Pandey (Migration)
[2020] AATA 3837
•12 May 2020
Pandey (Migration) [2020] AATA 3837 (12 May 2020)
DECISION RECORD
DIVISION:Migration & Refugee Division
APPLICANTS: Mr Diwakar Pandey
Mrs Sujata ChhetriCASE NUMBER: 1917329
HOME AFFAIRS REFERENCE(S): BCC2019/1535163
MEMBER:Mark O'Loughlin
DATE:12 May 2020
PLACE OF DECISION: Adelaide
DECISION:The Tribunal affirms the decision to cancel the first named applicant’s Class TU visa.
The Tribunal has no jurisdiction with respect to the other applicant.
I, Member M O’Loughlin, certify that this is the Tribunal’s statement of decision and reasons.
Dated 12 May 2020 at 11.28 am.
CATCHWORDS
MIGRATION – cancellation – Student (Temporary) (Class TU) visa – Subclass 500 (Student) – enrolled in a course of study – withdrew from unsatisfactory course – claims that circumstances were beyond applicant’s control not supported by evidence – decision under review affirmedLEGISLATION
Migration Act 1958 (Cth), ss 116, 140, 189, 198, 348
Migration Regulations 1994 (Cth), Schedule 8, Visa Condition 8202
Any references appearing in square brackets indicate that information has been omitted from this decision pursuant to section 378 of the Migration Act 1958 and replaced with generic information.
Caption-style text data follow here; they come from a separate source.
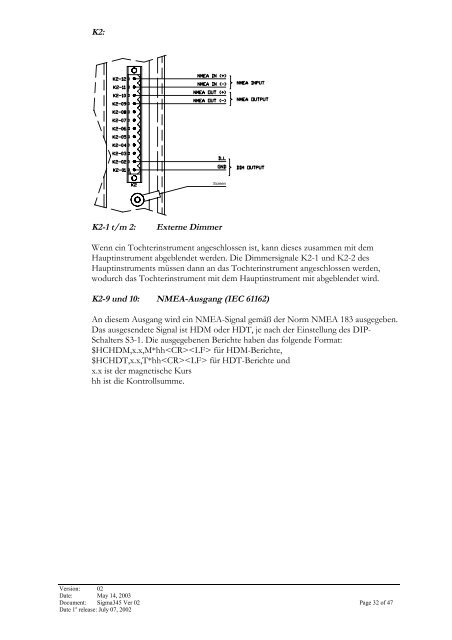 Sigma 345 elektromagnetischer Kompass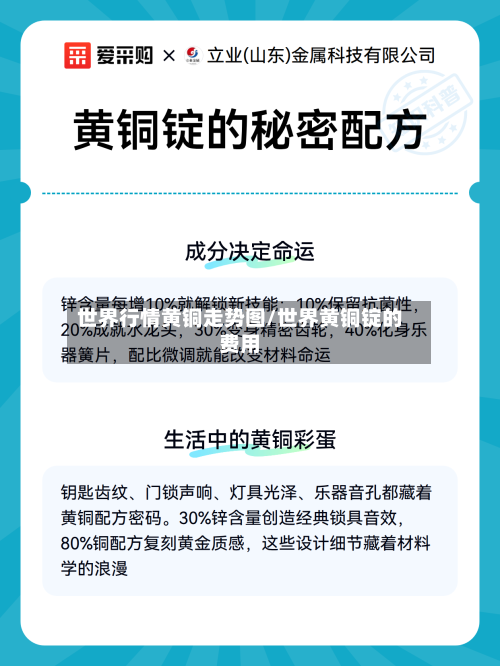 世界行情黄铜走势图/世界黄铜锭的费用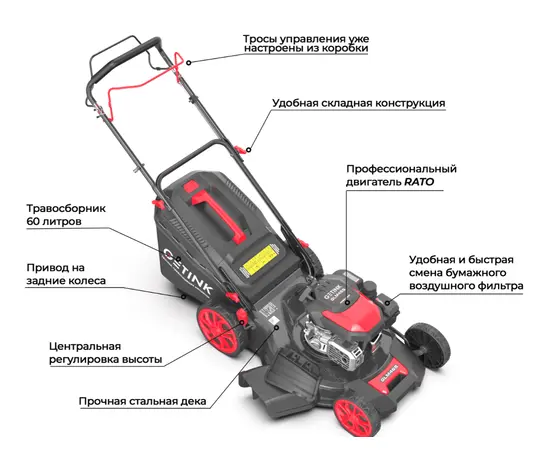 Getink GLM46S, - 2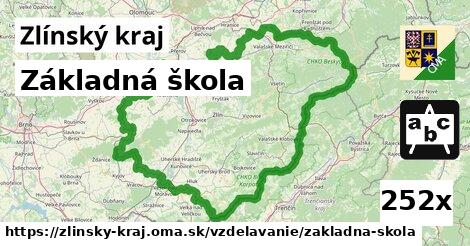 Základná škola, Zlínský kraj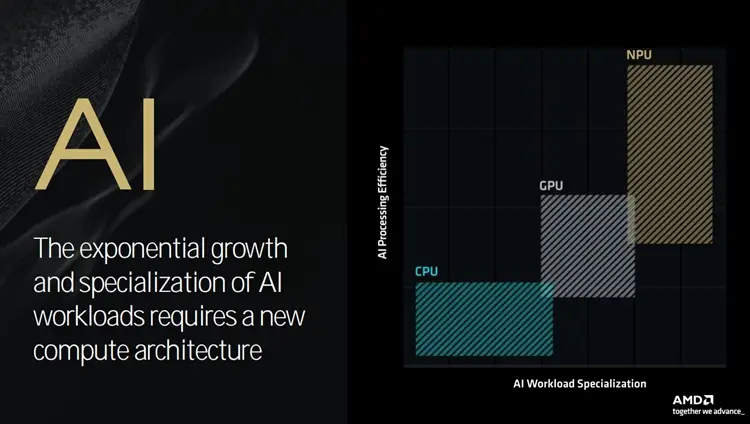 锐龙AI 300系处理器_AMD Zen 5架构处理器_9600X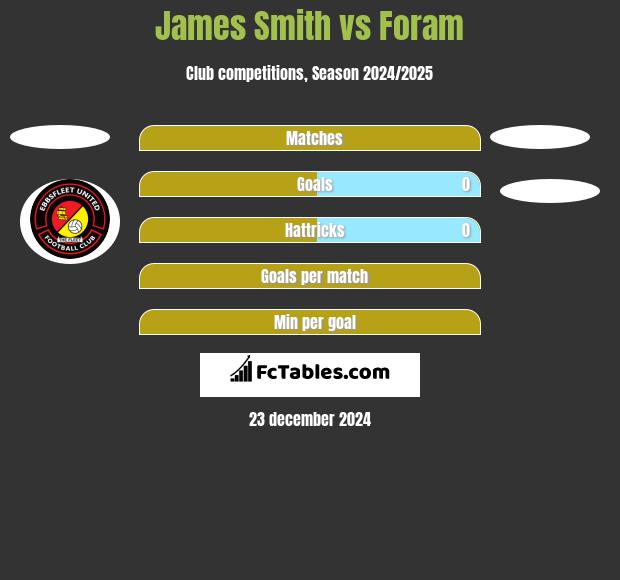 James Smith vs Foram h2h player stats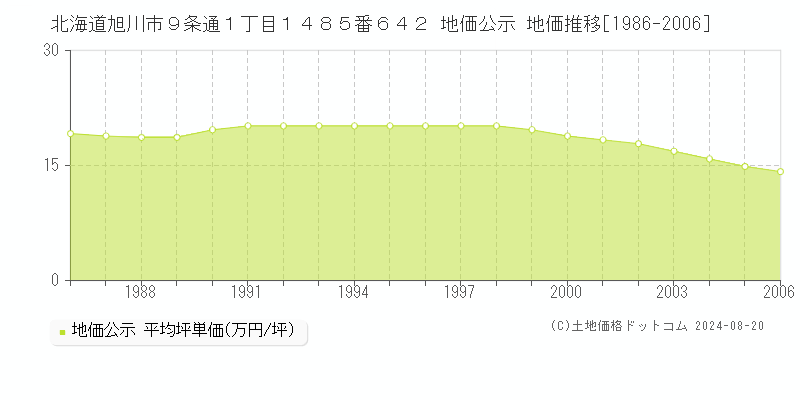 北海道旭川市９条通１丁目１４８５番６４２ 公示地価 地価推移[1986-2006]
STATEMENT OF DECISION AND REASONS
APPLICATION FOR REVIEW
This is an application for review of a decision dated 26 June 2019 made by a delegate of the Minister for Home Affairs to cancel the first named applicant’s (“the applicant’s”) Subclass 500 (Student) visa under s.116(1)(b) of the Migration Act 1958 (the Act).
The delegate cancelled the visa on the basis that the applicant breached a condition of his visa by failing to maintain enrolment in a relevant course and because the grounds for cancelling the visa outweigh the reasons not to cancel it. The issues in the present case are whether that ground for cancellation is made out, and if so, whether the visa should be cancelled.
For the purposes of the Tribunal’s jurisdiction under s.348 of the Act, the only decision that is before the Tribunal is the decision with respect to the first named applicant. The other visa was automatically cancelled as a consequence of that cancellation, not by a decision but by force of the operation of s.140(1) of the Act. As no decision was involved in the visa cancellation under s.140(1), the Tribunal has no jurisdiction with respect to the other applicant.
The applicant appeared before the Tribunal by telephone on 25 March 2020 to give evidence and present arguments. At the conclusion of his evidence the applicant indicated that he was content with the telephone link and did not believe that a compromised his ability to give evidence.
The applicant was represented in relation to the review by his registered migration agent.
For the following reasons, the Tribunal has concluded that the decision to cancel the applicant’s visa should be affirmed.
CONSIDERATION OF CLAIMS AND EVIDENCE
The issue in the present case is whether the applicant, as the holder of a student visa, has breached condition 8202 of Schedule 8 to the Migration Regulations 1994 (the Regulations). If the applicant has breached that condition, under s.116(1) of the Act, the visa may be cancelled.
The applicant has provided documentation in relation to his application into this review the Tribunal has relied on the following such documents in making its decision; –
·report Dr Matthew Rathjen dated 14 December 2018;
·decision of the delegate dated 26th of June 2019;
·marriage certificate of applicant and secondary applicant dated [date];
·correspondence from the applicant’s migration agent in response to a notice of intention to consider cancellation, which response was undated but comprising folios 39 and 40 of the documents provided to the Tribunal by the secretary; and
·submissions prepared by the applicant’s migration agent dated 18 March 2019 attaching the birth certificate of the applicant’s son [name] born on [date].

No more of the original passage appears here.